Felicianos Puls blieb leicht erhöht, sein brummender Schädel wurde nur stufenweise besser und sein Körper blieb schlaff und kraftlos liegen, als hätte man ihm alle Sehnen auf einmal durchgeschnitten. Seine linke Hand war zu einer Faust gebildet; die Finger waren allesamt steif und kaum zu bewegen. Salzige Tränen quollen allmählich aus den bernsteinfarbigen Augen heraus und brannten an seinen Schürfwunden wie loderndes Feuer. Und die Verbindung....dieses unsichtbare Band, welches Feliciano die ganze Zeit bis ans Limit angetrieben hatte...war nichts weiter als ein schwaches Flämmchen in seiner Seele, das man mit einem Atemzug hätte erlöschen können. Feliciano stockte.
War es hier zuende?
Hatte er den Weg zu ihm endgültig verloren?
War alles nur mehr in abertausenden, messerscharfen Scherben aufzufinden?Der Siebzehnjährige schluchzte kurz auf und presste verzweifelt die Augen zusammen.
Es konnte nicht sein. Er war doch so kurz davor gewesen; er war nicht bereit noch einmal zu verlieren. Hätte er doch nur die nötige Kraft dazu...er würde um die ganze Welt laufen, nur um ihn endlich wiederzusehen. Nur ein Mal. Nur ein einziges Mal wünschte er sich, die Zähne zusammenbeißen zu können; einmal nicht aufzugeben.
Jedoch unterlag sein Körper immer noch einer lähmenden Paralyse, die es ihm verwehrte, sofort wieder aufzuspringen und weiterzulaufen.Felicianos Herz zog sich zusammen und er bemühte sich, die Augen offen zu halten und sein Schwindelgefühl unter Kontrolle zu bringen. Er spürte den seichten Wind und die Blütenblätter auf seiner Wange kitzeln und ein angenehmes, warmes Kribbeln überfiel seine Hand, die er nun langsam wieder bewegen konnte.
Zögerlich öffnete seine geballte Faust, seine versteifen Finger kämpften mit der plötzlichen Bewegung. Und doch machte er weiter...bis ihm im silbrig-blauen Mondschein das rubinrote Band an seinem Ringfinger entgegenlachte.
Ein seliges Lächeln schlich sich auf seine Lippen; immer mehr Tränen kullerten glitzernd wie Edelsteine seine Wangen herab und versiegten schließlich als dunkle Flecken im Boden. Eine immense Welle von nostalgischen Gefühlen und alten Erinnerungen wurde freigesetzt, die auf ihn einpreschte und und ihm jede Unsicherheit und Vergessenheit wegschwemmte.

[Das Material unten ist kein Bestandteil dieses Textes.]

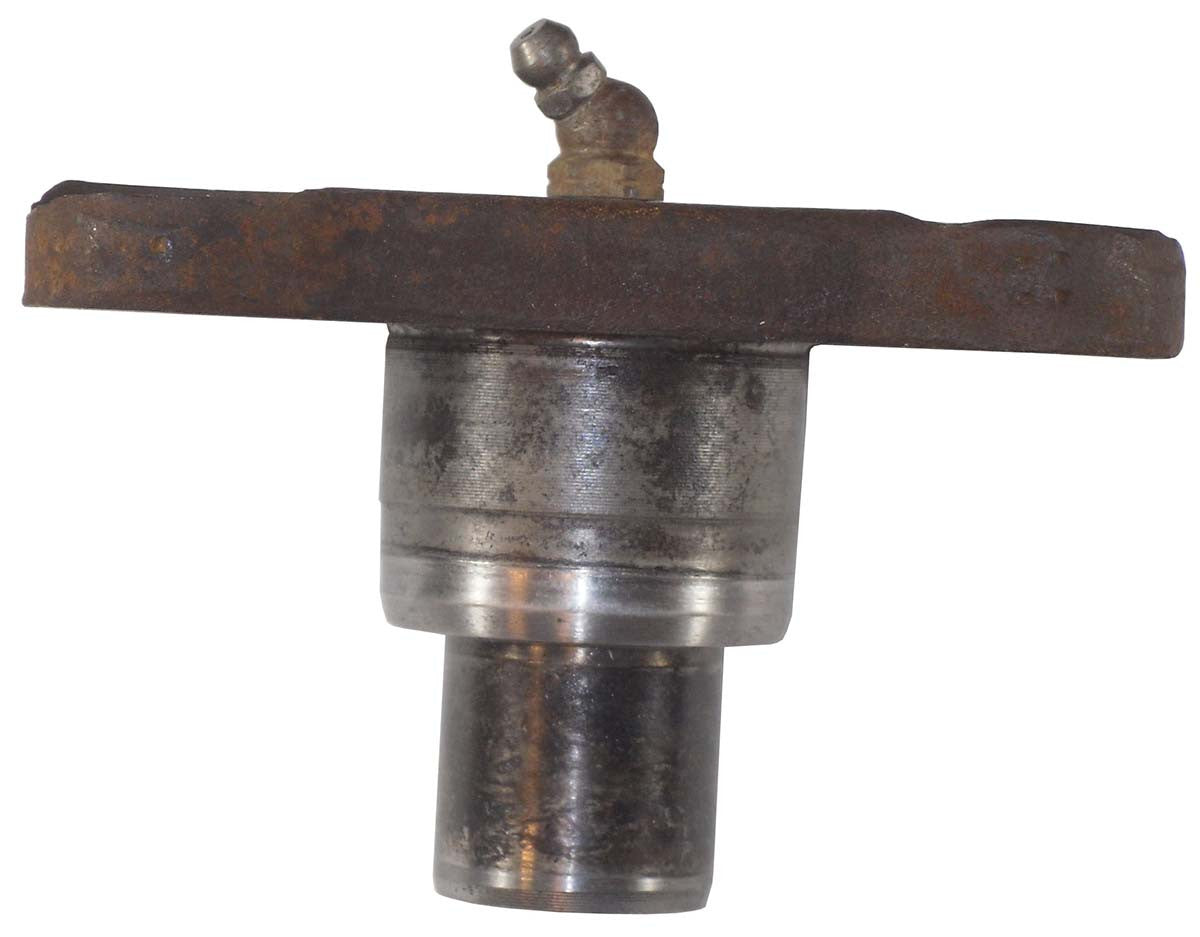 QU40697U Used Dana 60 Lower Kingpin Cap fits Chevy, Dodge, Ford, GMC Torque King 4x4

Sein Herz machte einen sekundenschnellen Freudensprung; es schien auf einmal wieder voller Energie, Hoffnung und Stärke zu sein. Vorsichtig begann Feliciano mit angeschlagener Stimme zu flüstern und sein Lächeln wurde immer bitterer.

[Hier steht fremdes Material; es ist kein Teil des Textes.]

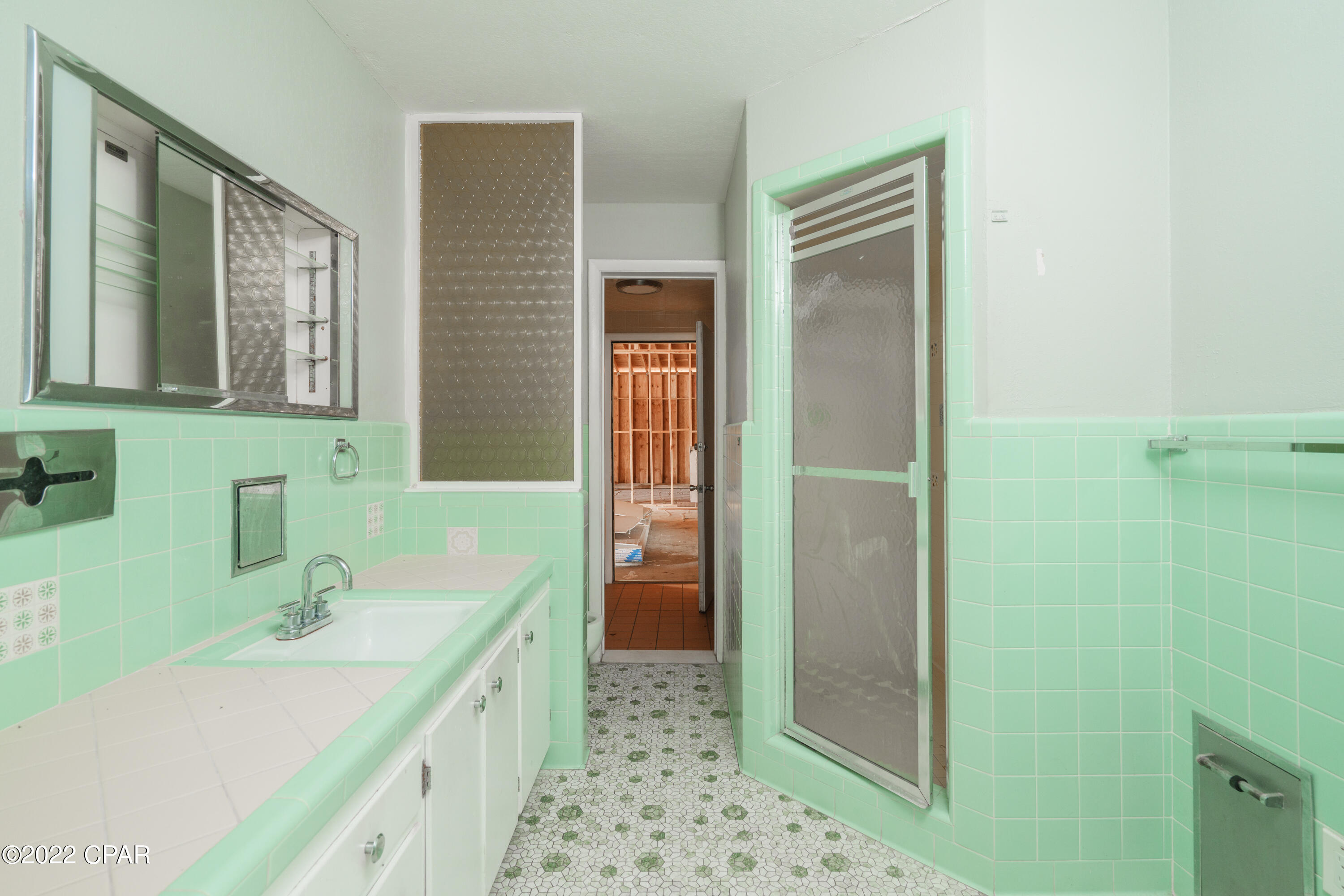 Image 63 For 1919 Drummond Avenue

"Dieses Band, das hast du mir doch einmal geschenkt, nicht wahr...?"Feliciano kicherte leise. "Damals, als ich krank war und du bei mir warst. Ob du deines vielleicht auch noch hast?"

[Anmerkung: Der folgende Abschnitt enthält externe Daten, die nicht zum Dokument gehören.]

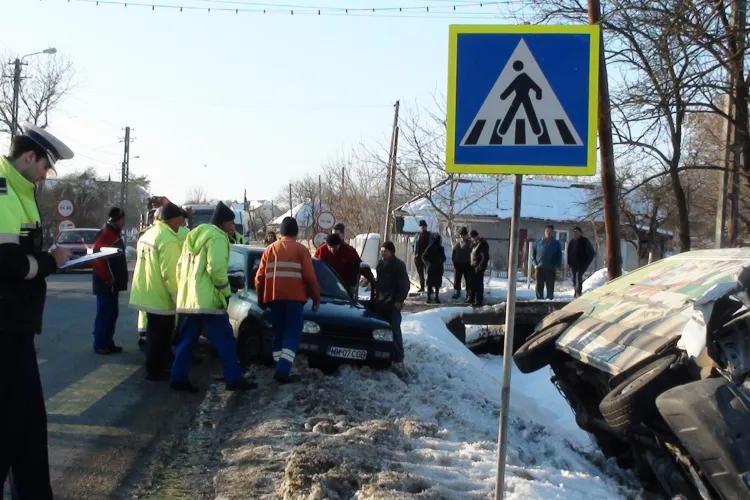 Accident la Catcau! O duba s-a rasturnat FOTO si VIDEO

Schleppend zog er sich auf die Beine und lehnte sich an einen morschen Baumstamm.
"Ob du dich überhaupt an mich erinnern kannst?" Felicianos Lachen verschwand und seine Kehle schnürte sich zusammen. Aber der Italiener schüttelte den Kopf. Er musste sich an ihn erinnern. Er musste es einfach. Er hatte es ihm versprochen und selbst wenn dem nicht so sein sollte, würde Feliciano alles tun, um seinen Gesuchten von Neuem für sich zu gewinnen, immer und immer wieder.Schniefend wischte er sich die überschüssigen Tränen aus dem Gesicht und setzte langsam aber sicher seine Suche in diesem bildschönen und doch gefährlichen Wald fort. Sein Handy, welches nach dem Sturz eher unbrauchbar geworden war, steckte er geschwind in seine Hosentasche und das einzige Licht, das ihn jetzt noch durch die letzten Minuten der Nacht begleitete, war das von Mond und Sterne. Seine Schritte wurden schneller, als er sich wieder auf dem Wanderweg befand und sein Herz raste schneller als je zuvor als würde es ihm voller Motivation den Weg weisen wollen.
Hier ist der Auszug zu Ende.